(Saved entries)
'''
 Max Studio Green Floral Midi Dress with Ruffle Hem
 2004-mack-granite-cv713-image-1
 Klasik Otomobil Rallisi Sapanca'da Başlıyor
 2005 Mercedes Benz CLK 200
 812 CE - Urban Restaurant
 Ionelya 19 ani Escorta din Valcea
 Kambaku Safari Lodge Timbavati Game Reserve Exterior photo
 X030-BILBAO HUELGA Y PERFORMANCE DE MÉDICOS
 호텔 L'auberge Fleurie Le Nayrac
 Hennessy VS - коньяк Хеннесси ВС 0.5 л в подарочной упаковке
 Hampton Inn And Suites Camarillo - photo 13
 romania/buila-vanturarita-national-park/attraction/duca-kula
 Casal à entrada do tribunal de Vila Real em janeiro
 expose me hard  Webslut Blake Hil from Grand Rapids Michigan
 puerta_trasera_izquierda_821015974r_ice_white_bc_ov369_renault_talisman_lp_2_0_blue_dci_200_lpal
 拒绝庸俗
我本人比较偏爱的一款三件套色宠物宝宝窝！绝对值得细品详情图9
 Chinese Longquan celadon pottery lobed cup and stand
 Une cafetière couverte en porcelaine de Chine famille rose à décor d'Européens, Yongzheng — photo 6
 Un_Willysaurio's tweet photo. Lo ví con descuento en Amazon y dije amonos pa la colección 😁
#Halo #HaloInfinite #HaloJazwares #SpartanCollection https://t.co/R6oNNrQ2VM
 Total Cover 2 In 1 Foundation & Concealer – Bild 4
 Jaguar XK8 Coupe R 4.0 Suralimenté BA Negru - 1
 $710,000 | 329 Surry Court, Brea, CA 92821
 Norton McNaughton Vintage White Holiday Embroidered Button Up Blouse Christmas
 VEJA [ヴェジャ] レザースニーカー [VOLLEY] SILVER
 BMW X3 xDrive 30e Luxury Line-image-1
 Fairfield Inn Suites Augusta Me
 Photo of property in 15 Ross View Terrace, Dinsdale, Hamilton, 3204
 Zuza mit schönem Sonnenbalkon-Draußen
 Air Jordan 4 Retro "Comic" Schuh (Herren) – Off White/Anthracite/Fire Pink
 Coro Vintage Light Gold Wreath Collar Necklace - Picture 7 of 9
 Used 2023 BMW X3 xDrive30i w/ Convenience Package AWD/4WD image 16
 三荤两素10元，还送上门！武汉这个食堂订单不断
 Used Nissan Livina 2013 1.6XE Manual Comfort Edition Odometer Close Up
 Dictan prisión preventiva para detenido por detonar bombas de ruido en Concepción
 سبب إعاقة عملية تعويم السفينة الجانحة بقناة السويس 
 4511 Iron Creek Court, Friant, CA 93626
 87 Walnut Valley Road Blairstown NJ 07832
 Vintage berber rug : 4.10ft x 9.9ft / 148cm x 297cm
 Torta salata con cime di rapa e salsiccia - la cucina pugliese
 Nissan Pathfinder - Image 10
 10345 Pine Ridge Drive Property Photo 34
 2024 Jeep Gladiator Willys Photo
'''
Goal of the exercise: All lines above from the one containing "Ionelya 19 ani Escorta din Valcea" to the one containing "87 Walnut Valley Road Blairstown NJ 07832" must be repeated exactly, both lines included, and no others.

Written solution:
 Ionelya 19 ani Escorta din Valcea
 Kambaku Safari Lodge Timbavati Game Reserve Exterior photo
 X030-BILBAO HUELGA Y PERFORMANCE DE MÉDICOS
 호텔 L'auberge Fleurie Le Nayrac
 Hennessy VS - коньяк Хеннесси ВС 0.5 л в подарочной упаковке
 Hampton Inn And Suites Camarillo - photo 13
 romania/buila-vanturarita-national-park/attraction/duca-kula
 Casal à entrada do tribunal de Vila Real em janeiro
 expose me hard  Webslut Blake Hil from Grand Rapids Michigan
 puerta_trasera_izquierda_821015974r_ice_white_bc_ov369_renault_talisman_lp_2_0_blue_dci_200_lpal
 拒绝庸俗
我本人比较偏爱的一款三件套色宠物宝宝窝！绝对值得细品详情图9
 Chinese Longquan celadon pottery lobed cup and stand
 Une cafetière couverte en porcelaine de Chine famille rose à décor d'Européens, Yongzheng — photo 6
 Un_Willysaurio's tweet photo. Lo ví con descuento en Amazon y dije amonos pa la colección 😁
#Halo #HaloInfinite #HaloJazwares #SpartanCollection https://t.co/R6oNNrQ2VM
 Total Cover 2 In 1 Foundation & Concealer – Bild 4
 Jaguar XK8 Coupe R 4.0 Suralimenté BA Negru - 1
 $710,000 | 329 Surry Court, Brea, CA 92821
 Norton McNaughton Vintage White Holiday Embroidered Button Up Blouse Christmas
 VEJA [ヴェジャ] レザースニーカー [VOLLEY] SILVER
 BMW X3 xDrive 30e Luxury Line-image-1
 Fairfield Inn Suites Augusta Me
 Photo of property in 15 Ross View Terrace, Dinsdale, Hamilton, 3204
 Zuza mit schönem Sonnenbalkon-Draußen
 Air Jordan 4 Retro "Comic" Schuh (Herren) – Off White/Anthracite/Fire Pink
 Coro Vintage Light Gold Wreath Collar Necklace - Picture 7 of 9
 Used 2023 BMW X3 xDrive30i w/ Convenience Package AWD/4WD image 16
 三荤两素10元，还送上门！武汉这个食堂订单不断
 Used Nissan Livina 2013 1.6XE Manual Comfort Edition Odometer Close Up
 Dictan prisión preventiva para detenido por detonar bombas de ruido en Concepción
 سبب إعاقة عملية تعويم السفينة الجانحة بقناة السويس 
 4511 Iron Creek Court, Friant, CA 93626
 87 Walnut Valley Road Blairstown NJ 07832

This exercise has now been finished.